L Drago said:
Suppose person A is at rest relative to the surface of Earth and Person B is travelling in 80 percent speed of light relative to a planet in solar system say let's take Earth as Person A is also in restaurant relative to its surface and Person C is also travelling in 90 percent speed of light relative to planet Earth
Let me be sure that I have the setup straight.
We have an inertial reference frame. It is the rest frame of the Earth's surface. The problem will be described in terms of this frame.
We have three people: A, B and C. A is at rest in our frame. B is moving inertially at 0.8c in our frame. C is moving inertially at 0.9 c in our frame.
The intent is to treat these three people as three "observers". That is, we will consider each as defining an inertial frame of reference in which he or she is at rest.
L Drago said:
We have to calculate by using SR time dilation.
What, exactly, are we calculating?
What is the trajectory for which we will be computing a dilated time?
What is the trajectory for which we will be computing a proper time?

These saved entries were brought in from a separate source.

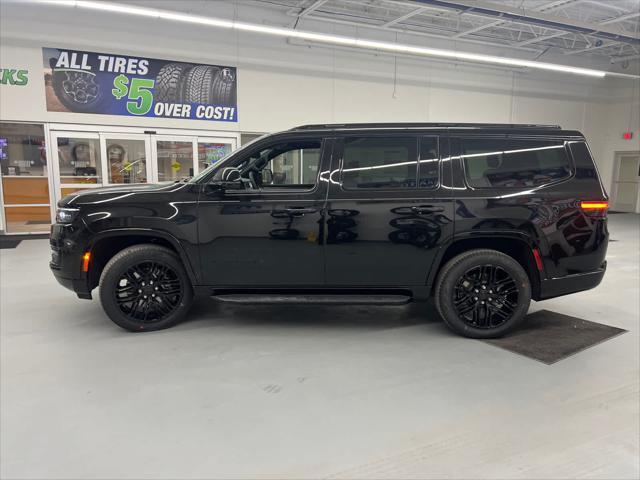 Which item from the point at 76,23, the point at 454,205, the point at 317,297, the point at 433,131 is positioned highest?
the point at 76,23

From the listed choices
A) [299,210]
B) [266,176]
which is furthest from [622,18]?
[299,210]

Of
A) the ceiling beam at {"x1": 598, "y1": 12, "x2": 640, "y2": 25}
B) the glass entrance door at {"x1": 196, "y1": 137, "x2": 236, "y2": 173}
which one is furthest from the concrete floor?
the ceiling beam at {"x1": 598, "y1": 12, "x2": 640, "y2": 25}

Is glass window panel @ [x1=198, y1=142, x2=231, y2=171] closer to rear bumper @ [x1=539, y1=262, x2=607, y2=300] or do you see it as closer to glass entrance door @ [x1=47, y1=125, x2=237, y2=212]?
glass entrance door @ [x1=47, y1=125, x2=237, y2=212]

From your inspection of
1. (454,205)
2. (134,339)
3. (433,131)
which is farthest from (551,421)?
(134,339)

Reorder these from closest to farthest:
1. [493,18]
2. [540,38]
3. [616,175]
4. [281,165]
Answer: [281,165] → [493,18] → [540,38] → [616,175]

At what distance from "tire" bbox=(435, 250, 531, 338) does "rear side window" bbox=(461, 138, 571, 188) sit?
62 cm

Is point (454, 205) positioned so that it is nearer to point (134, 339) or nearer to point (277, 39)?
point (134, 339)

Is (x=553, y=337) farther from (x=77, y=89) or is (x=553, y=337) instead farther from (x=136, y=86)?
(x=77, y=89)

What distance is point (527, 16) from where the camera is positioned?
889 cm

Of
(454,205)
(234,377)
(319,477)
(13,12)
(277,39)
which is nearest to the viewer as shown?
(319,477)

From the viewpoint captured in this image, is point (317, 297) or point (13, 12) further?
point (13, 12)

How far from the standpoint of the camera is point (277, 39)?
11.2 m

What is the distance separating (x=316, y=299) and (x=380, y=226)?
831 mm

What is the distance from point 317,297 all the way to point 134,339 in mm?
1590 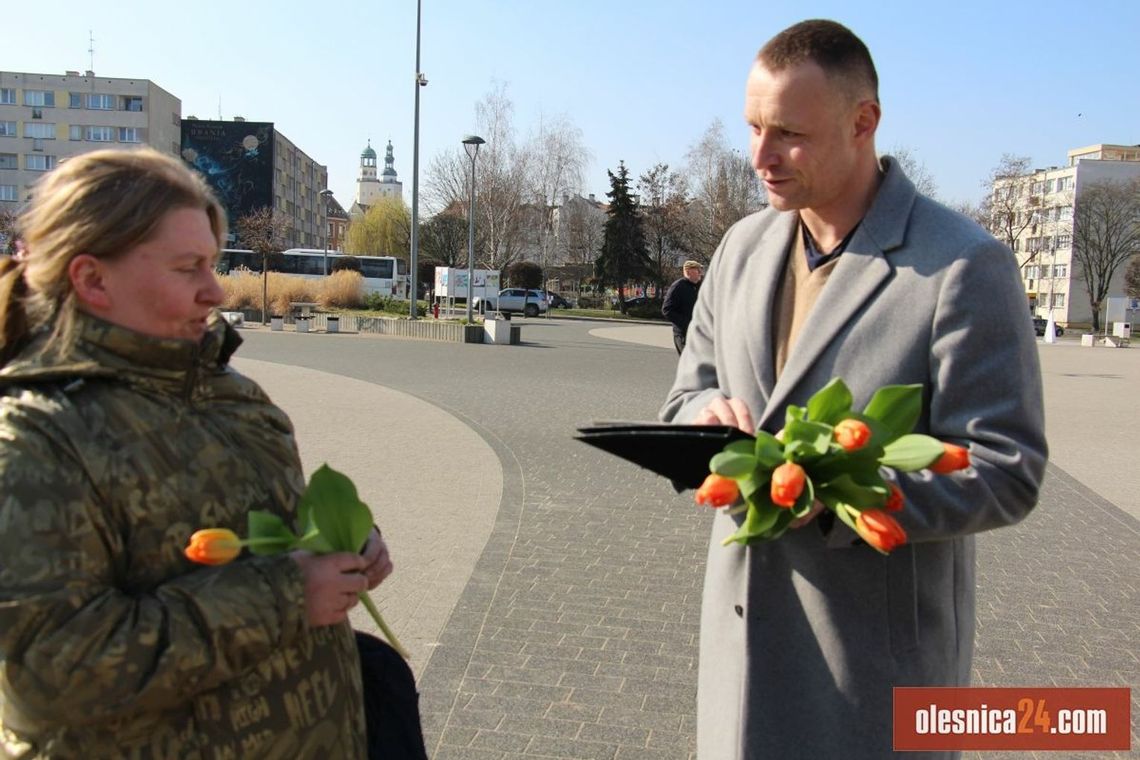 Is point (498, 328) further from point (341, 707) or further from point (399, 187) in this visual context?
point (399, 187)

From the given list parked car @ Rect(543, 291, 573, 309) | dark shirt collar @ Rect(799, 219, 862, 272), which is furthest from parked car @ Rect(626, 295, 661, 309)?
dark shirt collar @ Rect(799, 219, 862, 272)

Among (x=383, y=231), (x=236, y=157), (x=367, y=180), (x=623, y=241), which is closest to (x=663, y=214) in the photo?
(x=623, y=241)

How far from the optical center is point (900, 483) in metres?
1.71

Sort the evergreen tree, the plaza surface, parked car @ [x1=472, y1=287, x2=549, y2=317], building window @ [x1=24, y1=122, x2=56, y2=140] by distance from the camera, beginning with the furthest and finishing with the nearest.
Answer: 1. building window @ [x1=24, y1=122, x2=56, y2=140]
2. the evergreen tree
3. parked car @ [x1=472, y1=287, x2=549, y2=317]
4. the plaza surface

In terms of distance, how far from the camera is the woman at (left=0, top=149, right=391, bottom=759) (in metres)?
1.45

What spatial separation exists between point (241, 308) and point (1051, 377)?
27590mm

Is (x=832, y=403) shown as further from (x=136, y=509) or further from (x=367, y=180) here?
(x=367, y=180)

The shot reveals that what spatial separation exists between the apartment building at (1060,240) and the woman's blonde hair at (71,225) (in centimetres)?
6431

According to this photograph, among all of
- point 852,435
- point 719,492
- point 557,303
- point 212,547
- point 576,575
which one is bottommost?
point 576,575

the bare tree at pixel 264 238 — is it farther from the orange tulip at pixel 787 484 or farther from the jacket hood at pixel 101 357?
the orange tulip at pixel 787 484

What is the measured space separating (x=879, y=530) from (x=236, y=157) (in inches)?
3814

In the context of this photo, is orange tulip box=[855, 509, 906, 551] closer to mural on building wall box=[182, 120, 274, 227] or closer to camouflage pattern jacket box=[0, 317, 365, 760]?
camouflage pattern jacket box=[0, 317, 365, 760]

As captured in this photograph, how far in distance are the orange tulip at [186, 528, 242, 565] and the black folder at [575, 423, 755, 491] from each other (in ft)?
2.05

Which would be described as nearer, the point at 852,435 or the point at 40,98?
the point at 852,435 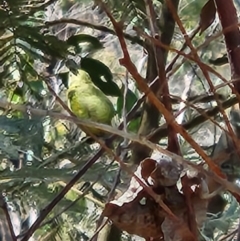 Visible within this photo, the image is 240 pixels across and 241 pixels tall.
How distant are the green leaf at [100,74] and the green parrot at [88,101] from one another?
0.01 m

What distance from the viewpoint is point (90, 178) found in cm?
68

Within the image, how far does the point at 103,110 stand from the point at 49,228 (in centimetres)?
41

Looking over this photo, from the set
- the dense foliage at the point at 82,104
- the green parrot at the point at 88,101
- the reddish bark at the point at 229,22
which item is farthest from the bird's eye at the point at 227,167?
the reddish bark at the point at 229,22

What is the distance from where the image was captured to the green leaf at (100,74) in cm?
82

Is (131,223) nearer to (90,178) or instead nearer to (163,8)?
(90,178)

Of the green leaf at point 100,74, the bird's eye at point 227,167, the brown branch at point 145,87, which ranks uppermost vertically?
the brown branch at point 145,87

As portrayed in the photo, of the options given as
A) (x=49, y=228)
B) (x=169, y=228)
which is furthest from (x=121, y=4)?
(x=49, y=228)

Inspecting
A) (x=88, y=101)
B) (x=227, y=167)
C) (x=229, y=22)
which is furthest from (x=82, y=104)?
(x=229, y=22)

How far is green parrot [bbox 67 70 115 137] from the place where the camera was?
0.85 m

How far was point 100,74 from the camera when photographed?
0.83 meters

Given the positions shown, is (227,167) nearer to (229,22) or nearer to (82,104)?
(82,104)

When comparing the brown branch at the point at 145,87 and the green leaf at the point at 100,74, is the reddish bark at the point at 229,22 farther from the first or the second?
the green leaf at the point at 100,74

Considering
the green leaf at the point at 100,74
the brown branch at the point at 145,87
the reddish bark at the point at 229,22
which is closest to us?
the brown branch at the point at 145,87

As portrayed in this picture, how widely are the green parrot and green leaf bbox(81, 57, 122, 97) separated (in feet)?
0.05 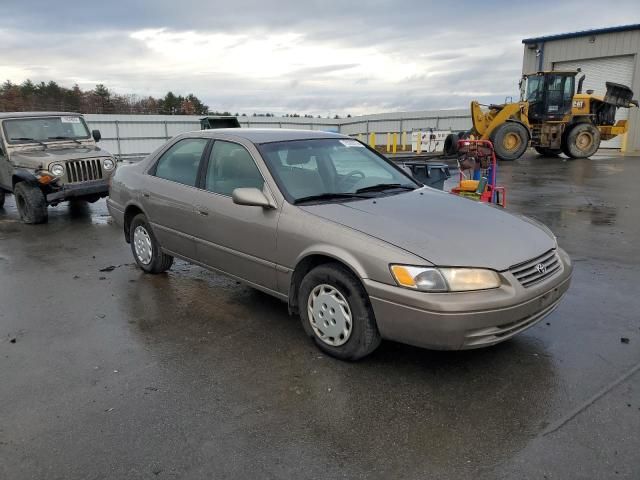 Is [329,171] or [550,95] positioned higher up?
[550,95]

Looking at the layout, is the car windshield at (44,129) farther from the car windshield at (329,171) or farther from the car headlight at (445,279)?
the car headlight at (445,279)

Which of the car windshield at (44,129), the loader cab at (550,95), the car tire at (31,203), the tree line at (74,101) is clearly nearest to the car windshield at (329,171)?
the car tire at (31,203)

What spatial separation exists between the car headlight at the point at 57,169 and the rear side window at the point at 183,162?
4.33 meters

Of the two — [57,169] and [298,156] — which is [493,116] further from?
[298,156]

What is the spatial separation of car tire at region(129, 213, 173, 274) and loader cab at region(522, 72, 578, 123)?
59.0 feet

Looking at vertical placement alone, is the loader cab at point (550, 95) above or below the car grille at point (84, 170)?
above

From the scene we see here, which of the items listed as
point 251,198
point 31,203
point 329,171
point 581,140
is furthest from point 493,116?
point 251,198

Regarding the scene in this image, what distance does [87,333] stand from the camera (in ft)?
13.8

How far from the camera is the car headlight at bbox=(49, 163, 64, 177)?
8664 millimetres

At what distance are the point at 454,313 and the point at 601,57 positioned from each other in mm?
29676

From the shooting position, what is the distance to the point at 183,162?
5035 mm

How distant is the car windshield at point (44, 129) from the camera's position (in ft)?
30.4

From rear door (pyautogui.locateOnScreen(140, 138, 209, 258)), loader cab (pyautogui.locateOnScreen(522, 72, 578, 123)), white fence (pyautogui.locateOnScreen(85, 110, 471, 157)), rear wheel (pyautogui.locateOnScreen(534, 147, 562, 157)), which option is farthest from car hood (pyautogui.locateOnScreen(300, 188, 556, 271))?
white fence (pyautogui.locateOnScreen(85, 110, 471, 157))

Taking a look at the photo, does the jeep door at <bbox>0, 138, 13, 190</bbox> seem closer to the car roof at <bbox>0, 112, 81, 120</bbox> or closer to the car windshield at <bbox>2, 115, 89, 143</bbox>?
the car windshield at <bbox>2, 115, 89, 143</bbox> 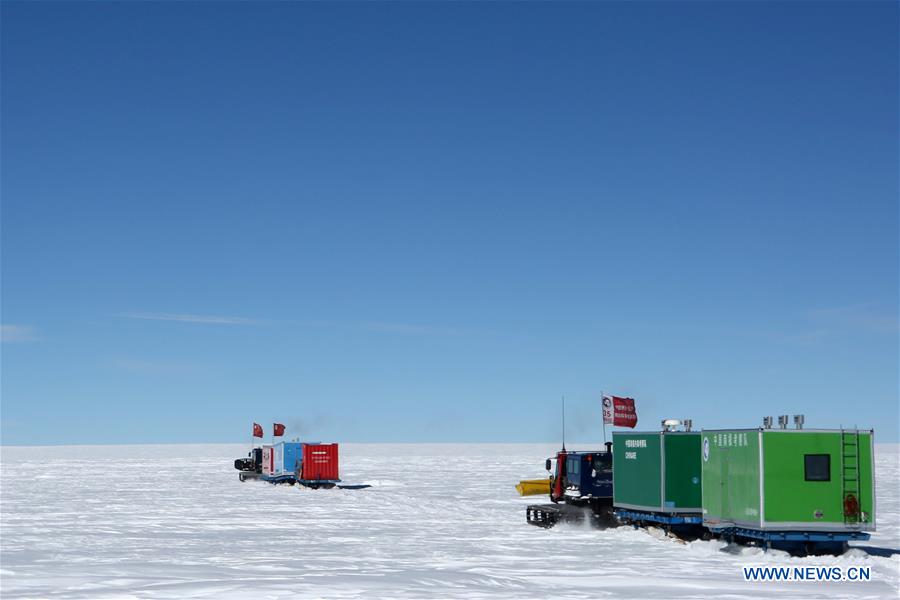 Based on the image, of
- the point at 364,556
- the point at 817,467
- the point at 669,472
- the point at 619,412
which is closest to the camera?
the point at 817,467

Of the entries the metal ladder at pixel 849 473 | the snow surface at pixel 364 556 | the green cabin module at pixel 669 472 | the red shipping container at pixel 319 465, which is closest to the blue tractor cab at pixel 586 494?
the snow surface at pixel 364 556

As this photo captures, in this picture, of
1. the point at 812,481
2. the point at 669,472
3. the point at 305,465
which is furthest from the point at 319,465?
the point at 812,481

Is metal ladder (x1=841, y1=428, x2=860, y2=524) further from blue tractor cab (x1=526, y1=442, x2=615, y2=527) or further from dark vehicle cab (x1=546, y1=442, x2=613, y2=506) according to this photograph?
dark vehicle cab (x1=546, y1=442, x2=613, y2=506)

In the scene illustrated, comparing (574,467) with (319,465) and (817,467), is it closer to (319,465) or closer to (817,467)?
(817,467)

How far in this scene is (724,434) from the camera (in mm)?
26391

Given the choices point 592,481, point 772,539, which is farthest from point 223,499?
point 772,539

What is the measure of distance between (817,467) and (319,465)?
125ft

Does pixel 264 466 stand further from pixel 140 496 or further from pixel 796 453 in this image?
pixel 796 453

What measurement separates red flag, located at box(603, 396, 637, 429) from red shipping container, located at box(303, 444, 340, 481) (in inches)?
1052

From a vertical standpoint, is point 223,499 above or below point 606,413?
below

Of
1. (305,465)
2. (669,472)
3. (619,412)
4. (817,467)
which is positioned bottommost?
(305,465)

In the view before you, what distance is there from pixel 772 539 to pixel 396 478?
50121 millimetres

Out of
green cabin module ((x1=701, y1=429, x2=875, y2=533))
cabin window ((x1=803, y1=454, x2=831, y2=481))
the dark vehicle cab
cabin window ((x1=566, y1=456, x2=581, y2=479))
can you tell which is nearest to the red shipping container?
cabin window ((x1=566, y1=456, x2=581, y2=479))

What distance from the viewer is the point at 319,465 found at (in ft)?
192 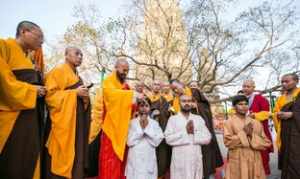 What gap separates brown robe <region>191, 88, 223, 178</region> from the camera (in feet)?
14.7

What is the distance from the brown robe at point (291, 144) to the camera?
437 cm

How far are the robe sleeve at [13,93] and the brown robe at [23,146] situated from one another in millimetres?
122

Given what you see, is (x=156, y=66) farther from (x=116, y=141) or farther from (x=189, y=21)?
(x=116, y=141)

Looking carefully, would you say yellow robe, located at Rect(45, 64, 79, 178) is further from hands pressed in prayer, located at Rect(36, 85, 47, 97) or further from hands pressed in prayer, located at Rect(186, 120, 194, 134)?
hands pressed in prayer, located at Rect(186, 120, 194, 134)

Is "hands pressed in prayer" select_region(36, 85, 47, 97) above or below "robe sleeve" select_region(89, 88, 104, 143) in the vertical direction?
above

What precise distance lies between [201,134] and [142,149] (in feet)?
2.85

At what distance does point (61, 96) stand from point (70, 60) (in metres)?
0.66

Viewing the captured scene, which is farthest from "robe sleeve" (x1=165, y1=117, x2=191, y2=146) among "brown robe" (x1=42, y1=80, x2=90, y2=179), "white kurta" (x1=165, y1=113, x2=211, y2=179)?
"brown robe" (x1=42, y1=80, x2=90, y2=179)

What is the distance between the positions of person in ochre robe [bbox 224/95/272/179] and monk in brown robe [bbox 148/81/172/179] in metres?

Is there one trajectory? Or three? What are the end points? What is the path between the endpoints?
L Drago said:
Dilated time = Actual time / power root of (1-(v²/c²)). These three persons will not agree to dilated time but will agree to proper time.
I agree in principle.
If we had an object traversing an unaccelerated (geodesic) trajectory from a start event to an end event then all three observers could calculate an elapsed coordinate time (aka "dilated time") for the trajectory by dividing the object's elapsed proper time (not "actual time") by ##\sqrt{1-v^2/c^2}##. Here, ##v## is, of course, the object's velocity relative to the observer's rest frame.
Alternately, all three observers could calculate the elapsed proper time for the object by multiplying their measured coordinate time difference for the trajectory by ##\sqrt{1-v^2/c^2}##.
If the object is traversing an accelerated trajectory then it will not have a single constant velocity ##v##. One may have to evaluate an integral.
One can communicate more effectively by using standard terms (e.g. proper time and coordinate time) rather than non-standard terms (e.g. actual time and dilated time).